League director Rebecca Miller said it is possible that the trestle could be restored for use by hikers and bicyclists.
“DDOT has offered to do a study on keeping the trestle and (assessing) its current condition, and WMATA’s response to that was to file this application for demolition. So, we don’t see that as working in good faith with other parties involved,” Miller said.
District Department of Transportation spokesman Terry Owens said his agency is still planning a feasibility study.
“Also, under the (D.C. Historic) Preservation Act, there is a requirement to show alternatives to demolition, and obviously WMATA has not looked at that, given that DDOT hasn’t had the opportunity to do their study yet,” Miller added.
The Preservation Act applies in this case, according to Miller, because the bridge is a contributing structure within the Glover-Archbold Park Historic Area.

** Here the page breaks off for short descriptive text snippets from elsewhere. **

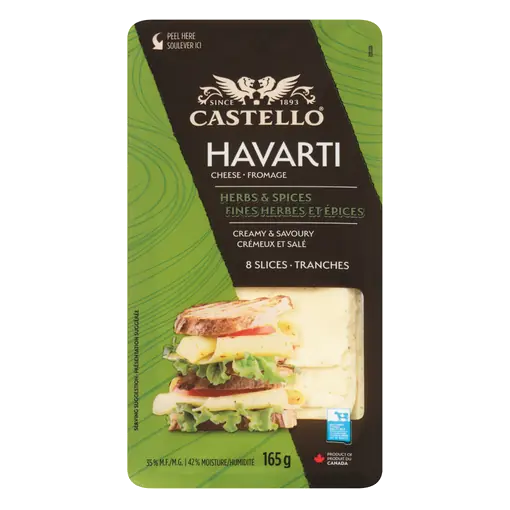 Sliced Cheese Havarti Herbs & Spices 8 Slices 165 g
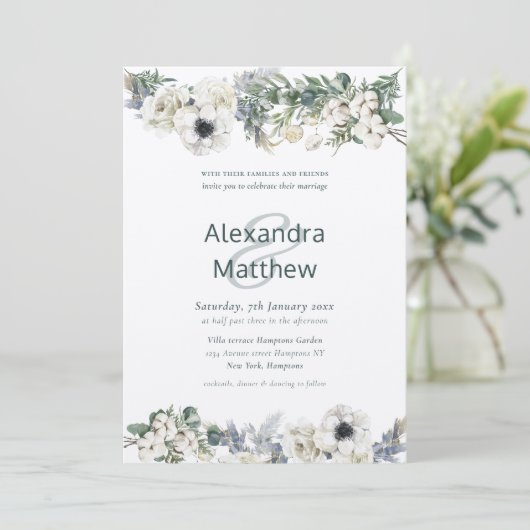 エレガント冬の素朴花結婚の 招待状 (スタンド正面)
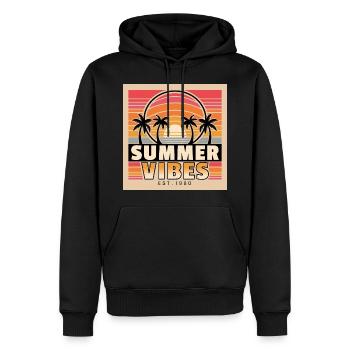 Summer Vibes mit Insel-Feeling als Geschenkidee - Männer Premium Bio Hoodie - Schwarz - Vorne - Nico (187cm)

Metro spokeswoman Sherry Ly said in an email:
“Metro continues to work with all the agencies and stands ready to transfer the Trestle to any one of them. Unfortunately, no one has stepped forward. Metro must focus on repairing and keeping the Metro system safe for the millions who rely on it. Over the last several years, maintenance and investment has been deferred causing a $15 billion need. That is and will continue to be our priority.”
Ly also stated that the bridge “must” be demolished because of its condition, and there are no plans to save parts of it for placement in any museum because “that would also require an agency or party to come forward to accept it.”